As these restrictions expand, operators face more than just reduced machine counts. Compliance obligations—such as monitoring transactions, handling fraud-related disputes, and meeting consumer protection requirements—can increase costs while limiting revenue options.



Regulation’s downstream effects: bankruptcy risk for operators


For the industry, the regulatory tightening is not only theoretical. The restrictions may have already contributed to at least one major operator’s distress.


In May, Bitcoin Depot filed for Chapter 11 bankruptcy. In the days leading up to the filing, the company disclosed that it had “substantial doubts” about its future amid a challenging regulatory environment and ongoing litigation.


Roshan Dharia, CEO of Echo Base and a restructuring adviser, told Cointelegraph after the Chapter 11 filing that Bitcoin Depot’s bankruptcy likely foreshadows broader pressure on the crypto ATM sector. Dharia argued that the traditional operator model relied on relatively high transaction spreads and fewer regulatory constraints, which helped offset the high costs of compliance, cash logistics, fraud remediation, and retail revenue-sharing arrangements.


That equation, Dharia said, is breaking down as states increasingly impose consumer-protection standards. Those standards can compress fees while increasing operator liability for scam-related activity and raising expectations for transaction monitoring and reimbursement—factors that can strain business viability, especially for operators with thinner margins.



Canada signals a wider policy debate


While the latest developments are focused on US states, Canada’s regulatory conversation is also moving toward harsher restrictions. Earlier, federal policymakers in Canada proposed a total ban on crypto ATMs across the country.
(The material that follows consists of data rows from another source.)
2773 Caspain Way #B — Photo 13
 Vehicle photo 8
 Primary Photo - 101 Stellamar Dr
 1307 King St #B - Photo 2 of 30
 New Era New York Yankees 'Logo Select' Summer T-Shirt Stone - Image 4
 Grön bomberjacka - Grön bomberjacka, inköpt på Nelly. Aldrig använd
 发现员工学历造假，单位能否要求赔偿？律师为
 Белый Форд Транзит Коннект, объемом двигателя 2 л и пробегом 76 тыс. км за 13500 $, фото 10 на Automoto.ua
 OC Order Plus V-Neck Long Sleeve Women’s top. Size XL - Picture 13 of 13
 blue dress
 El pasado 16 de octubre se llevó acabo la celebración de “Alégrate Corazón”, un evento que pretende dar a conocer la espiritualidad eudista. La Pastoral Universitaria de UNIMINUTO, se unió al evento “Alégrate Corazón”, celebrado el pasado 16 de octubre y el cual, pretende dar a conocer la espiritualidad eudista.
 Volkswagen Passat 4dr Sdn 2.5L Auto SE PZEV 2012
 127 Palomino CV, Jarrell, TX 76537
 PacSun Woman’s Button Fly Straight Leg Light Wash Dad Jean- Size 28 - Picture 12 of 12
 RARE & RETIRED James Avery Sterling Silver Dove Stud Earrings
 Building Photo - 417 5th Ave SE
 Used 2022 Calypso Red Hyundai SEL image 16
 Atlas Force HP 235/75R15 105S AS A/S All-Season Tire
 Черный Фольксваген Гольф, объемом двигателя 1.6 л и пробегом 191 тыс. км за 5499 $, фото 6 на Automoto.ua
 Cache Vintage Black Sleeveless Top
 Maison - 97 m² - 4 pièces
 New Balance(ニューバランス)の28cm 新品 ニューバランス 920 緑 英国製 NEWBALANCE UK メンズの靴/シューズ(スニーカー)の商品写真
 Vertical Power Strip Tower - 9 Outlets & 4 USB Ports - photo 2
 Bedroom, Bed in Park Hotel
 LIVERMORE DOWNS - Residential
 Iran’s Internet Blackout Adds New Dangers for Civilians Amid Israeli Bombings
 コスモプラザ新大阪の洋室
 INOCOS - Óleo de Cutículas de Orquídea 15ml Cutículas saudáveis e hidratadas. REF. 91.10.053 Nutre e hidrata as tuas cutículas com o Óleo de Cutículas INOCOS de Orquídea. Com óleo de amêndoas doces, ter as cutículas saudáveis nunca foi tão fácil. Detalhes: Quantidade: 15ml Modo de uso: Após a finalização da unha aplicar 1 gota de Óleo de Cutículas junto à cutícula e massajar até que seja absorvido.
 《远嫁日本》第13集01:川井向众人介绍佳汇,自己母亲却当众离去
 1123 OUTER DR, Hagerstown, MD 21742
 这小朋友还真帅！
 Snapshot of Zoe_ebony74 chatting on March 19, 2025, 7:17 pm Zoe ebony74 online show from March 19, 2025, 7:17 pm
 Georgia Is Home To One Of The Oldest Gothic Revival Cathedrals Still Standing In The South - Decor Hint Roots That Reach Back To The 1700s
The proposal would still allow Canadians to buy digital assets from brick-and-mortar money services businesses, but it would remove the kiosk pathway. Officials described crypto ATMs as the “primary method” used by scammers to defraud victims and as a channel for criminals to put cash proceeds of crime into the digital asset ecosystem.



What to watch next


With Tennessee now operating under a full ban and Georgia enforcing limits and reporting, attention will likely shift to how quickly other states follow suit—particularly Minnesota ahead of its Aug. 1 deadline—and whether operators adjust by exiting certain markets or restructuring their compliance and fraud-handling processes.